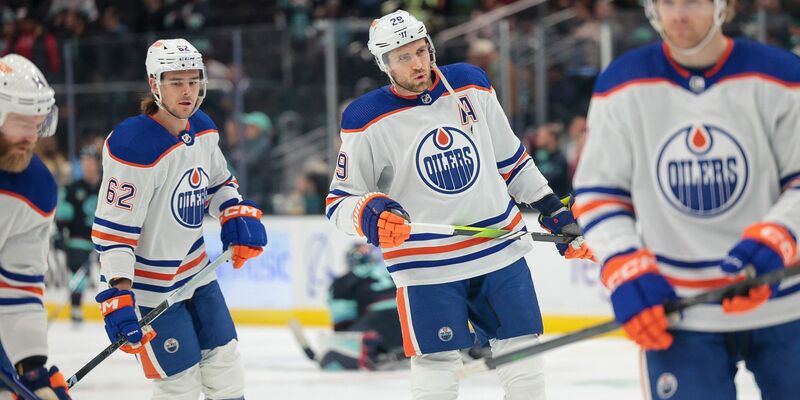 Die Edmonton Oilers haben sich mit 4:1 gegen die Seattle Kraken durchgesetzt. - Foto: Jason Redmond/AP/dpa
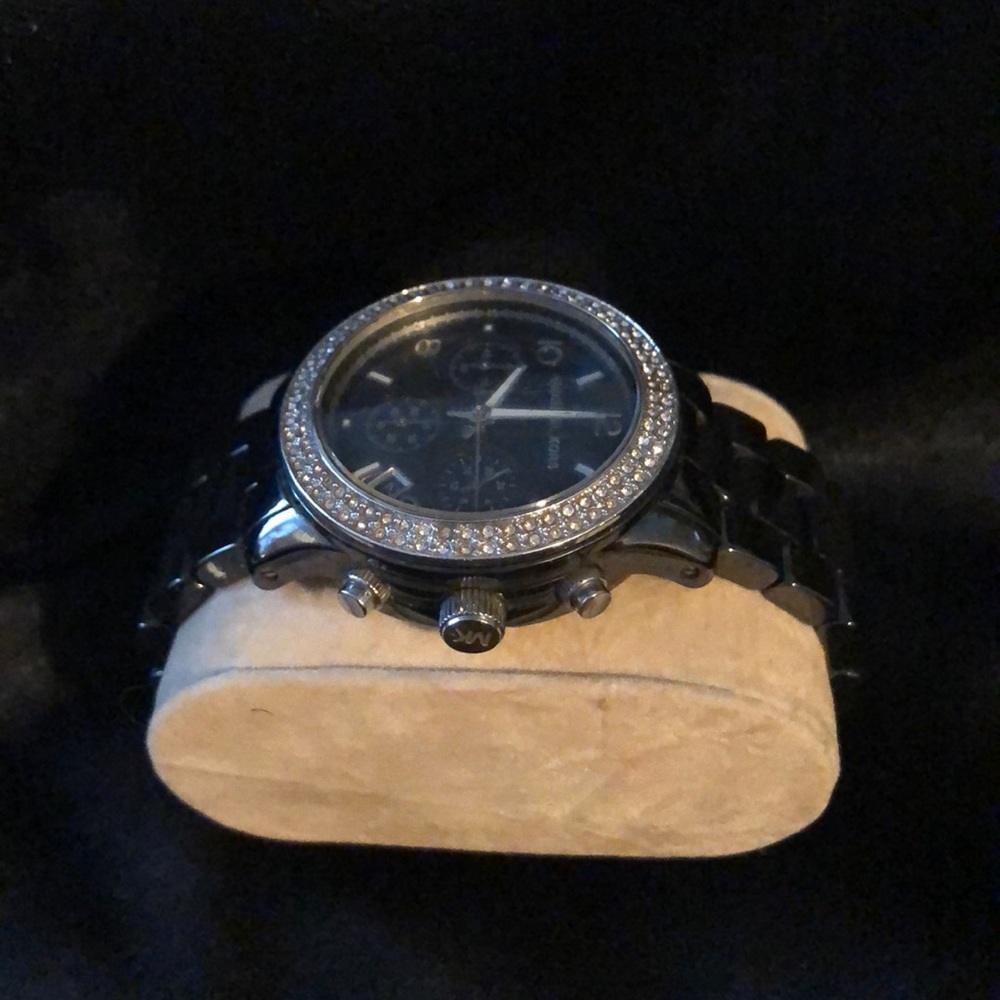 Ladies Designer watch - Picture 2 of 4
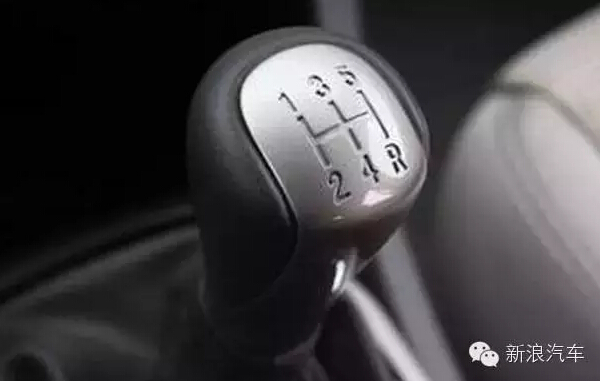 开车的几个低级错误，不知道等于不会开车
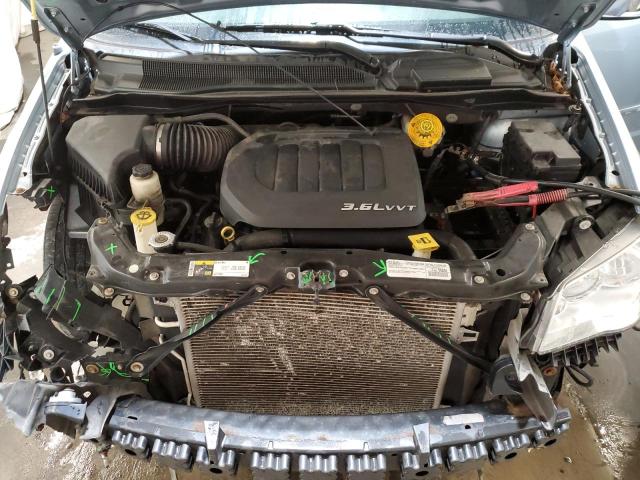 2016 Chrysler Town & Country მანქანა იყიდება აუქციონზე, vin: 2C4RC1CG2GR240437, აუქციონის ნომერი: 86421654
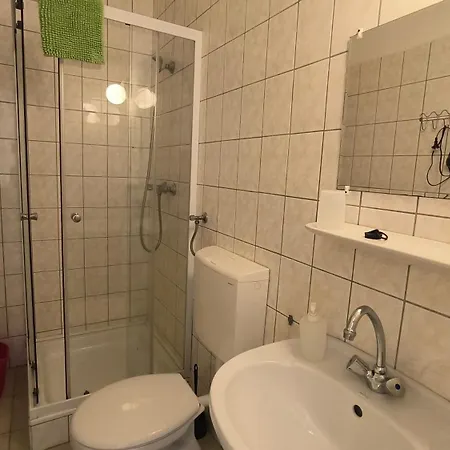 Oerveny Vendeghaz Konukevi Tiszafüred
··········
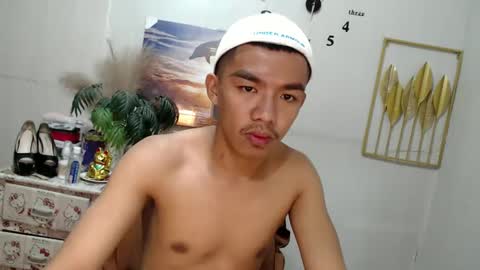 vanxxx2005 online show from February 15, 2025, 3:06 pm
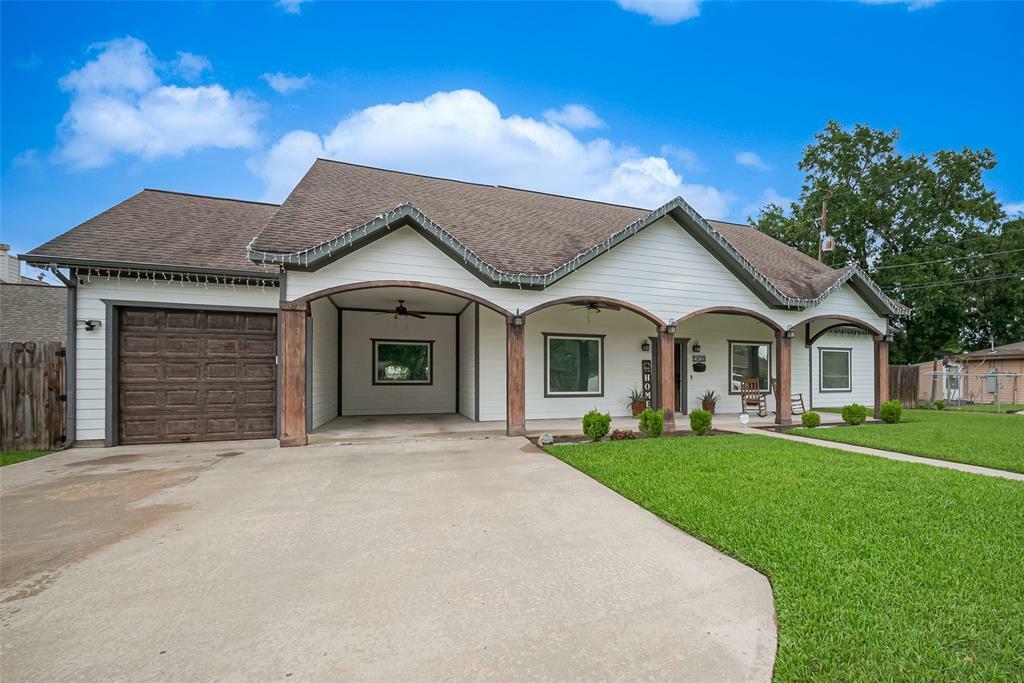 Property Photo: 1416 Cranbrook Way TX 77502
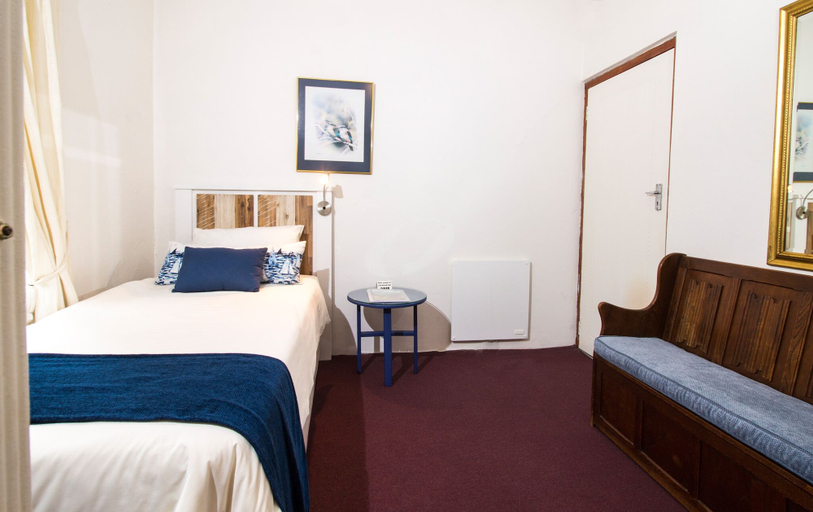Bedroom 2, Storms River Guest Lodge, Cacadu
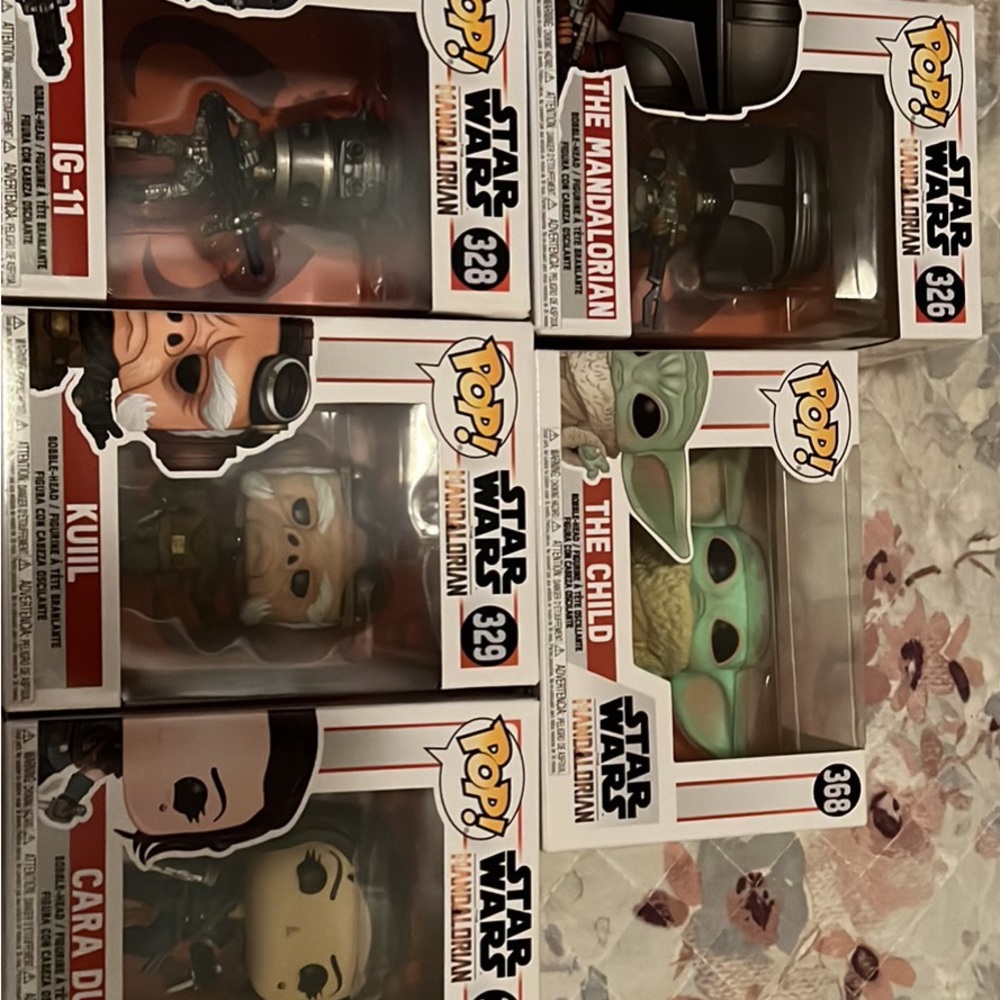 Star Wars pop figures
··········
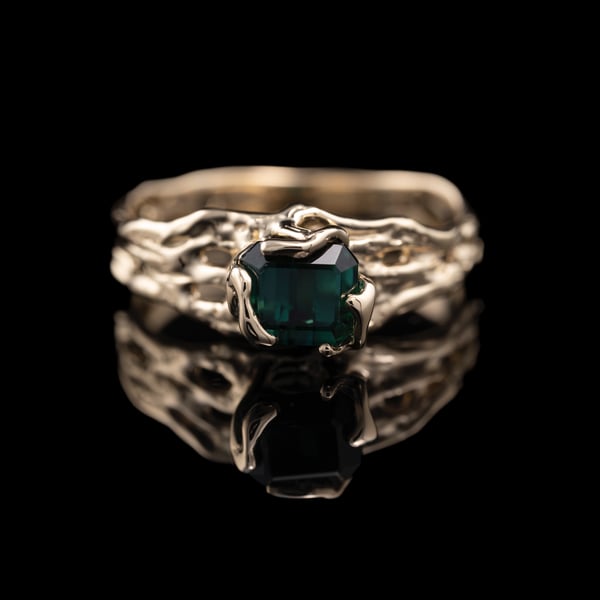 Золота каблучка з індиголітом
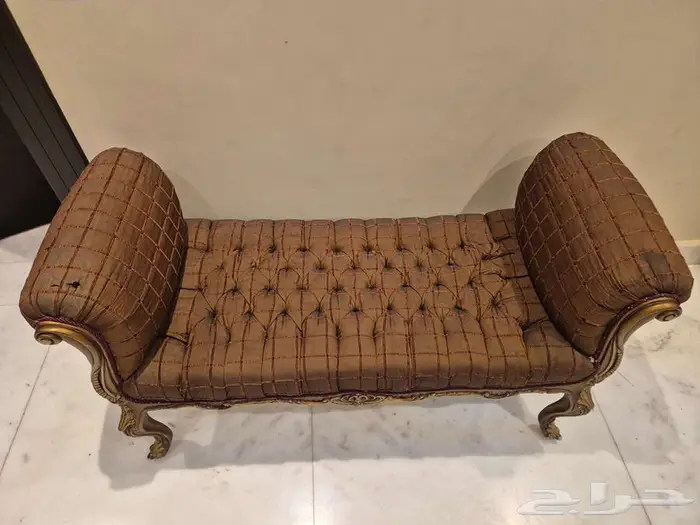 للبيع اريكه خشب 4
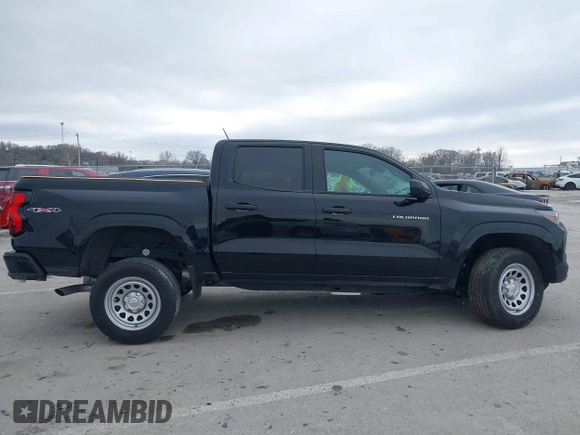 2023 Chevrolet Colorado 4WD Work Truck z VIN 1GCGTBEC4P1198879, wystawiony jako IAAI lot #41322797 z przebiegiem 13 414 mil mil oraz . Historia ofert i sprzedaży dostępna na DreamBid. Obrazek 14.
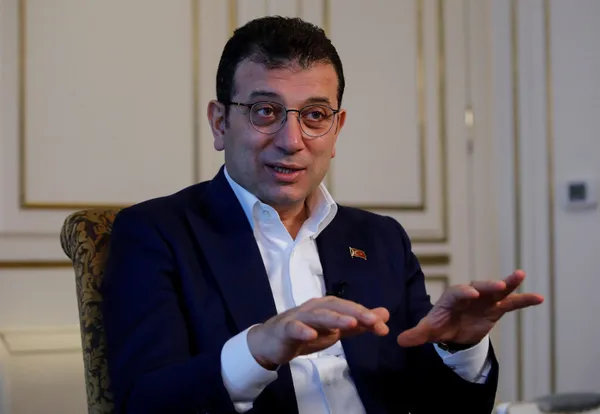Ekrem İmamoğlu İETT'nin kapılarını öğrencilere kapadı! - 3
··········
▸ **Activity**:
Both boundary lines included, write out word for word only the lines above from the one containing "Property Photo: 1416 Cranbrook Way TX 77502" to the one containing "Star Wars pop figures", leaving out any pictures.

▸ **Task output**:
 Property Photo: 1416 Cranbrook Way TX 77502
Bedroom 2, Storms River Guest Lodge, Cacadu
 Star Wars pop figures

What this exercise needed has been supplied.